_YOUR TASK_
Repeat the lines from the line with "196-427a.jpg" to the line with "Hentai Maid banner image" in the listing below, keeping both end lines and adding nothing.

_RECORDED INFORMATION_
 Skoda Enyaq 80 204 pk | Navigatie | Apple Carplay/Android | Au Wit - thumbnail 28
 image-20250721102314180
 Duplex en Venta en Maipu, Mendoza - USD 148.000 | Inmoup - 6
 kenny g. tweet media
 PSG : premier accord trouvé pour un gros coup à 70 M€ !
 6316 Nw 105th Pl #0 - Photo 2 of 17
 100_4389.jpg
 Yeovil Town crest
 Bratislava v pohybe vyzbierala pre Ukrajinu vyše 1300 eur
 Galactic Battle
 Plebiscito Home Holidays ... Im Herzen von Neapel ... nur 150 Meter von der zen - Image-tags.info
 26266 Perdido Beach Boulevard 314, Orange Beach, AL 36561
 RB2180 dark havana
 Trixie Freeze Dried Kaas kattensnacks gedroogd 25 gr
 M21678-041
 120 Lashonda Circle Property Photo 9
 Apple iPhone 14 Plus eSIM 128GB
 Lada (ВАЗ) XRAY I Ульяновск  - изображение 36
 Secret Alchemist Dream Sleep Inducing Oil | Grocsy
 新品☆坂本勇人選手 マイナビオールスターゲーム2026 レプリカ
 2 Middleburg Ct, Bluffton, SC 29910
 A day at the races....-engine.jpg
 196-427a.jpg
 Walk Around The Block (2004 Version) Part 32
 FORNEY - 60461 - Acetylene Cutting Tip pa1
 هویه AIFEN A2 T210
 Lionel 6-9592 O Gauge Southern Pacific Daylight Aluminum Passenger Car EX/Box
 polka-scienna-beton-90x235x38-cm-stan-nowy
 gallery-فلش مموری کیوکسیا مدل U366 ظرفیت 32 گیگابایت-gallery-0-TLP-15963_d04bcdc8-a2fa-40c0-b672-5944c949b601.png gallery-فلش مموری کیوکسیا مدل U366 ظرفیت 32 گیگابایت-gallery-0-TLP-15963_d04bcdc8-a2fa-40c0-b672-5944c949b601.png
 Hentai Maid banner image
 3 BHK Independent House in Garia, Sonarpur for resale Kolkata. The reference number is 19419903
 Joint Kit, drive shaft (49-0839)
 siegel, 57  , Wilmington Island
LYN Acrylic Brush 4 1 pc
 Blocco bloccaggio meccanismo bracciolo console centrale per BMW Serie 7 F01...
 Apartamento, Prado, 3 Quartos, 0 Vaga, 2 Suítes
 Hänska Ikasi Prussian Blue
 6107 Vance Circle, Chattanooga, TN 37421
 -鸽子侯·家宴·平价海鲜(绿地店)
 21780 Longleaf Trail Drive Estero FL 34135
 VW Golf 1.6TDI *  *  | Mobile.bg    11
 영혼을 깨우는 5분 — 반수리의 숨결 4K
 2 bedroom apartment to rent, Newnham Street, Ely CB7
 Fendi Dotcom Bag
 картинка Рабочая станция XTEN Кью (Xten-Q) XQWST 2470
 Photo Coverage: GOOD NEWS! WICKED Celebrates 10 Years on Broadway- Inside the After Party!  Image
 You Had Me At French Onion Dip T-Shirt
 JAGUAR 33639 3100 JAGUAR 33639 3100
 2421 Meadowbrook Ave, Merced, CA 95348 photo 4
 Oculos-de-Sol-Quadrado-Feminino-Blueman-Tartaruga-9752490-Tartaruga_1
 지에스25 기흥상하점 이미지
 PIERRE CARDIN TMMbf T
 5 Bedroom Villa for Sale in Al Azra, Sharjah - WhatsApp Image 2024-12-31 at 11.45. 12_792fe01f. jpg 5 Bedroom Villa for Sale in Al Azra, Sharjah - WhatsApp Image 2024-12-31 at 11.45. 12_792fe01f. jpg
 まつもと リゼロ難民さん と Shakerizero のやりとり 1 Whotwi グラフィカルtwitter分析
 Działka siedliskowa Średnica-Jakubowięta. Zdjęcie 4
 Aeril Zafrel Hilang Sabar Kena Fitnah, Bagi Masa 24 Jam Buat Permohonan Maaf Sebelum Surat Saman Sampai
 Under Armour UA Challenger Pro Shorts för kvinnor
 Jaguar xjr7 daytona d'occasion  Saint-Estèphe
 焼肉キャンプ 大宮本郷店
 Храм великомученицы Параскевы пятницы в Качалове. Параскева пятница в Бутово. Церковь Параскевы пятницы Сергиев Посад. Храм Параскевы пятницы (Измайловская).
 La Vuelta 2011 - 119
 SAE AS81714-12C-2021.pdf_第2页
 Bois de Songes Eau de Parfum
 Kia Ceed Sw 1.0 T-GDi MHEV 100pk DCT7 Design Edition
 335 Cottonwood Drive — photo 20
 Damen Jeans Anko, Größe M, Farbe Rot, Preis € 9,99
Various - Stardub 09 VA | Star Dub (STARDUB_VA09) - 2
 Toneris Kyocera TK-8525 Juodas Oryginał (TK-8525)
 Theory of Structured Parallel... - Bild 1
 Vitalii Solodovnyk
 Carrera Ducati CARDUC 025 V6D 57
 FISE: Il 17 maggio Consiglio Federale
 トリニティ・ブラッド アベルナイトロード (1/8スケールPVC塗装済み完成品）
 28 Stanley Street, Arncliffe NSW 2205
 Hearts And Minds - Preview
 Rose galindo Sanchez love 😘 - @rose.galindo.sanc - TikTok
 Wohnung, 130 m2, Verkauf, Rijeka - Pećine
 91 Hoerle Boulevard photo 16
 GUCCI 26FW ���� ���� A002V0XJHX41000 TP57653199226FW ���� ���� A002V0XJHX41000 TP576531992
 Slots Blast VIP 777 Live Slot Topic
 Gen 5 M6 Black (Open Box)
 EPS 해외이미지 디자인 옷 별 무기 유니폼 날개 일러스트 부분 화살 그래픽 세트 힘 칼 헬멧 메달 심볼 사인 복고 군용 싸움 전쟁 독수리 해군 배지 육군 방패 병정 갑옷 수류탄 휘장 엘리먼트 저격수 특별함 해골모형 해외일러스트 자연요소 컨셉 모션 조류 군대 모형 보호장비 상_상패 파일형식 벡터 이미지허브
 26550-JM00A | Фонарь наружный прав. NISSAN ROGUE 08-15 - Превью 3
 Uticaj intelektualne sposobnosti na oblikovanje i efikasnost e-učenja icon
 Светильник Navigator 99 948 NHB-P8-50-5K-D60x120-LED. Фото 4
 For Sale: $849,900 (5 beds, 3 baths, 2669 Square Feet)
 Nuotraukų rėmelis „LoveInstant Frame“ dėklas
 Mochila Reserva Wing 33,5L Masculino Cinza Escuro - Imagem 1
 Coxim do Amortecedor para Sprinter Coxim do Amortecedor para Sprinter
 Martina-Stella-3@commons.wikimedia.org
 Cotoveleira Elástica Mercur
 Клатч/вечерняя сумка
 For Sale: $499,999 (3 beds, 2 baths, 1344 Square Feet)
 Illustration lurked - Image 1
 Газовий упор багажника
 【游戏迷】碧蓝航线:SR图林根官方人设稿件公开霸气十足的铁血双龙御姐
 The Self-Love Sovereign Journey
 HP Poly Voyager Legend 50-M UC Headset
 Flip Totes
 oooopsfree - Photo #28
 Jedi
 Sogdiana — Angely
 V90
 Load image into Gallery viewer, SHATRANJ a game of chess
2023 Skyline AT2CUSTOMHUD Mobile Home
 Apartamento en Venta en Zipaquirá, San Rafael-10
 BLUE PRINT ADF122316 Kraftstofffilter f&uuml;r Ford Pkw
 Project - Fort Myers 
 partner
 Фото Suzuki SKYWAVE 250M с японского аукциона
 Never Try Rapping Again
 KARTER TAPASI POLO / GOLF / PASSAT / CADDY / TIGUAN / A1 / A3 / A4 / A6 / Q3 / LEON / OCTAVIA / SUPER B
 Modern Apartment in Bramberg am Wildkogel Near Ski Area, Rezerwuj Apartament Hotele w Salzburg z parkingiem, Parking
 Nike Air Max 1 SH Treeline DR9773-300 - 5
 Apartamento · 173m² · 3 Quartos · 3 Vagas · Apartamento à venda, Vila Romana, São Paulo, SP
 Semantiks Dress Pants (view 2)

_WRITTEN RESPONSE_
 196-427a.jpg
 Walk Around The Block (2004 Version) Part 32
 FORNEY - 60461 - Acetylene Cutting Tip pa1
 هویه AIFEN A2 T210
 Lionel 6-9592 O Gauge Southern Pacific Daylight Aluminum Passenger Car EX/Box
 polka-scienna-beton-90x235x38-cm-stan-nowy
 gallery-فلش مموری کیوکسیا مدل U366 ظرفیت 32 گیگابایت-gallery-0-TLP-15963_d04bcdc8-a2fa-40c0-b672-5944c949b601.png gallery-فلش مموری کیوکسیا مدل U366 ظرفیت 32 گیگابایت-gallery-0-TLP-15963_d04bcdc8-a2fa-40c0-b672-5944c949b601.png
 Hentai Maid banner image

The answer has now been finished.